Insofern kann der Aufruf der europäischen Umweltminister nach Entwicklung von Low Carbon Technologien in der EU durch staatlich verordnete Verknappung und Verteuerung fossiler Energieträger (worauf die Forderung nach 30%iger Minderung bis 2020 letztendlich hinausläuft) nur dann erfolgreich sein, wenn fossile Energieträger auch im Rest der Welt drastisch verteuert werden, denn sonst wären teure europäische Low Carbon Technologien auf den internationalen Märkten chancenlos.

Die Chancen für eine staatlich verordnete Verteuerung sind allerdings, wie das Beispiel USA und die gescheiterte Einführung eines Emissionshandels dort gezeigt hat, nicht besonders hoch.

Die Argumente der drei Umweltminister, eine Erhöhung auf 30 Prozent führe zu einer Erhöhung der Planungssicherheit für Investoren und zu einer Ausweitung des Volumens der Märkte kohlenstoffarmer Technologien sind ebenfalls nicht ganz schlüssig.

Man kann die Erhöhung der Planungssicherheit für Investoren in Neuanlagen auch so verstehen, dass sie jetzt genauer wissen, dass die Energiepreise in Europa deutlich höher sein werden als anderswo, und dass sie gut daran beraten sind, nicht in Europa sondern dort in neue Anlagen zu investieren, wo das Energiepreisniveau und somit die Kosten niedriger sind als in Europa.

Bei bestehenden Anlagen wird sich dann der Einsatz fossiler Energien deutlich verteuern, was die Anlagenbetreiber ebenfalls eher dazu veranlassen wird, nicht über die Ausweitung oder Beibehaltung der Produktion in Europa nachzudenken, sondern über den Aufbau neuer Kapazitaten anderswo.
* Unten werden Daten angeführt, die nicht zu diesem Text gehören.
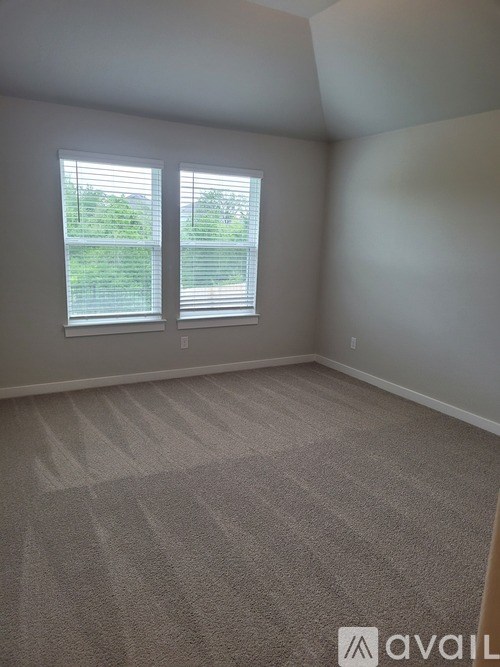 A room with carpeted floor and two windows.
Diese Art von Planungssicherheit ist wohl kaum beabsichtigt.

Das Marktvolumen für Kohlenstoffarme Technologien kann natürlich in Europa deutlich weiter wachsen, wenn die Subventionen weiter fließen wie bisher, oder noch ausgeweitet werden. Nur: Sie werden kein Exportschlager werden in Regionen, die einer staatlich verordneten Energiepreiserhöhung nicht unterliegen bzw. wo keine Subventionen gezahlt werden.
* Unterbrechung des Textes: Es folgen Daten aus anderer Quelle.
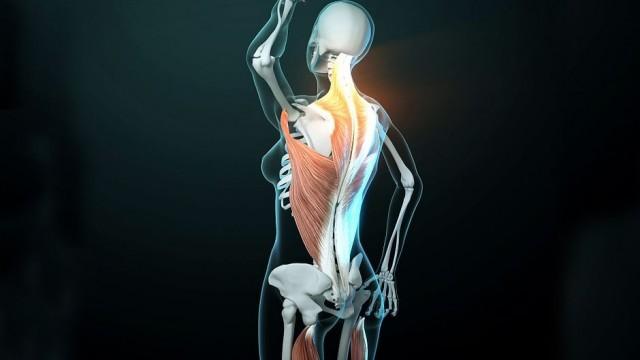 Fascinating Fasciae - The Hidden World Under Our Skin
Was man subventionieren sollte, ist die Weiterentwicklung von kohlenstoffarmen Energietechnologien, aber nicht die Festschreibung der gegenwärtigen, teuren und nicht wettbewerbsfahigen Technologien für die nächsten 20 Jahre.

Röttgen’s Artikel und der seiner Amtskollegen zielt auf zweierlei:

1. Profilierung in der innenpolitischen Diskussion, vor allem gegenüber den Umweltgruppierungen
2. Wegebnung für Cancun, unilaterales 30% Ziel der EU

Kanzlerin Angela Merkel hat sich schon zum 30 % Ziel geäußert und verlauten lassen, dass Deutschland dem nur zustimmen werde, wenn die Wirtschaft nicht geschädigt werde. Daran hätte sie aber auch schon bei der Verabschiedung der Koalitionsvereinbarungen im vergangenen Herbst denken können, denn ein unilaterales - 40% Ziel bis 2020 ist für Deutschland allein beinahe schlimmer als ein 30% Ziel für die EU. Insofern ist die Äußerung von Angela Merkel reine Rhetorik.